Introducing 4o Image Generation. When OpenAI first announced GPT-4o back in May 2024 one of the most exciting features was true multi-modality in that it could both input and output audio and images. The "o" stood for "omni", and the image output examples in that launch post looked really impressive.

It's taken them over ten months (and Gemini beat them to it) but today they're finally making those image generation abilities available, live right now in ChatGPT for paying customers.

My test prompt for any model that can manipulate incoming images is "Turn this into a selfie with a bear", because you should never take a selfie with a bear! I fed ChatGPT this selfie and got back this result:

It's a selfie, there's a grizzly bear over my shoulder smiling.

That's pretty great! It mangled the text on my T-Shirt (which says "LAWRENCE.COM" in a creative font) and added a second visible AirPod. It's very clearly me though, and that's definitely a bear.

There are plenty more examples in OpenAI's launch post, but as usual the most interesting details are tucked away in the updates to the system card. There's lots in there about their approach to safety and bias, including a section on "Ahistorical and Unrealistic Bias" which feels inspired by Gemini's embarrassing early missteps.

One section that stood out to me is their approach to images of public figures. The new policy is much more permissive than for DALL-E - highlights mine:

4o image generation is capable, in many instances, of generating a depiction of a public figure based solely on a text prompt.

At launch, we are not blocking the capability to generate adult public figures but are instead implementing the same safeguards that we have implemented for editing images of photorealistic uploads of people. For instance, this includes seeking to block the generation of photorealistic images of public figures who are minors and of material that violates our policies related to violence, hateful imagery, instructions for illicit activities, erotic content, and other areas. Public figures who wish for their depiction not to be generated can opt out.
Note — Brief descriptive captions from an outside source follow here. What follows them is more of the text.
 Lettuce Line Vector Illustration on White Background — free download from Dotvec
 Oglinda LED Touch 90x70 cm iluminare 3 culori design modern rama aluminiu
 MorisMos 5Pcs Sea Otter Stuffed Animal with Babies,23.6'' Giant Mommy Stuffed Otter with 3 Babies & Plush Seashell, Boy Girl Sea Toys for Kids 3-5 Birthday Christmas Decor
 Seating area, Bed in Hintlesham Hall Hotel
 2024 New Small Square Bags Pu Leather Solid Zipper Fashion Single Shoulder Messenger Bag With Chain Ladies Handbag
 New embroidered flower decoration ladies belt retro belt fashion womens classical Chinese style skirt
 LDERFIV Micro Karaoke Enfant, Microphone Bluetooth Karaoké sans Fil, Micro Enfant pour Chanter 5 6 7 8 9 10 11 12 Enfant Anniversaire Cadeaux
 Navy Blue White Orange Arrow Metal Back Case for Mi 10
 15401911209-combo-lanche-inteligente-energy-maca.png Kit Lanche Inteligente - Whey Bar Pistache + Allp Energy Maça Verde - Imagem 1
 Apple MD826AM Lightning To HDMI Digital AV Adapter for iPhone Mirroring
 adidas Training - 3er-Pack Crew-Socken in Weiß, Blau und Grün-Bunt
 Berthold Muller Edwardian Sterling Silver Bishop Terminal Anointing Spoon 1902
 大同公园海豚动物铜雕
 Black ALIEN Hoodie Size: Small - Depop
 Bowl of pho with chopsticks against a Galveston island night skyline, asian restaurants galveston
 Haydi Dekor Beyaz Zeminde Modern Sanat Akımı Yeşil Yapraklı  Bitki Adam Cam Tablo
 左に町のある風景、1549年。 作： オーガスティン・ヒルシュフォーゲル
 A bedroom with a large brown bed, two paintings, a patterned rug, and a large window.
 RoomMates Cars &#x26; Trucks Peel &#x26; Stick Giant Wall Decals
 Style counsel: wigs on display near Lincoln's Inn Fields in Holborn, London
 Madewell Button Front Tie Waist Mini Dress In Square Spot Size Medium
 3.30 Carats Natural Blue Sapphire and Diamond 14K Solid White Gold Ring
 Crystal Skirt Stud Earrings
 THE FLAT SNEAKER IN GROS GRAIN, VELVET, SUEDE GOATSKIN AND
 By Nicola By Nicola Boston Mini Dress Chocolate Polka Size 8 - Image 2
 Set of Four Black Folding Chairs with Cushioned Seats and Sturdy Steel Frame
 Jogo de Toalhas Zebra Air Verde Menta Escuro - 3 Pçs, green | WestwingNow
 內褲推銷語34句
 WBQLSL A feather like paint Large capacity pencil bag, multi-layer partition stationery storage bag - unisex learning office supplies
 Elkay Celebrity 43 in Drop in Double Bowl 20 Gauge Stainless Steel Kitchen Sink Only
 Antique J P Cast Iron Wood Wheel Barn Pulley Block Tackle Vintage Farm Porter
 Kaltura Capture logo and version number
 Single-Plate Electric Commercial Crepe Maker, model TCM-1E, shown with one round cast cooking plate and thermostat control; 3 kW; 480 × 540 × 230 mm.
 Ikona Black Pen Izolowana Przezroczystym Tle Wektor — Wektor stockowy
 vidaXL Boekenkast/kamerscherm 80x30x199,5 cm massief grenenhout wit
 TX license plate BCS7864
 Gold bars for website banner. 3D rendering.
This approach is more fine-grained than the way we dealt with public figures in our DALL·E series of models, where we used technical mitigations intended to prevent any images of a public figure from being generated. This change opens the possibility of helpful and beneficial uses in areas like educational, historical, satirical and political speech. After launch, we will continue to monitor usage of this capability, evaluating our policies, and will adjust them if needed.

Given that "public figures who wish for their depiction not to be generated can opt out" I wonder if we'll see a stampede of public figures to do exactly that!

Update: There's significant confusion right now over this new feature because it is being rolled out gradually but older ChatGPT can still generate images using DALL-E instead... and there is no visual indication in the ChatGPT UI explaining which image generation method it used!

OpenAI made the same mistake last year when they announced ChatGPT advanced voice mode but failed to clarify that ChatGPT was still running the previous, less impressive voice implementation.

Update 2: Images created with DALL-E through the ChatGPT web interface now show a note with a warning:

Created with DALL-E with an information icon. Clicking it reveals DALL-E is OpenAI's legacy image generation model. A new model is rolling out in ChatGPT soon.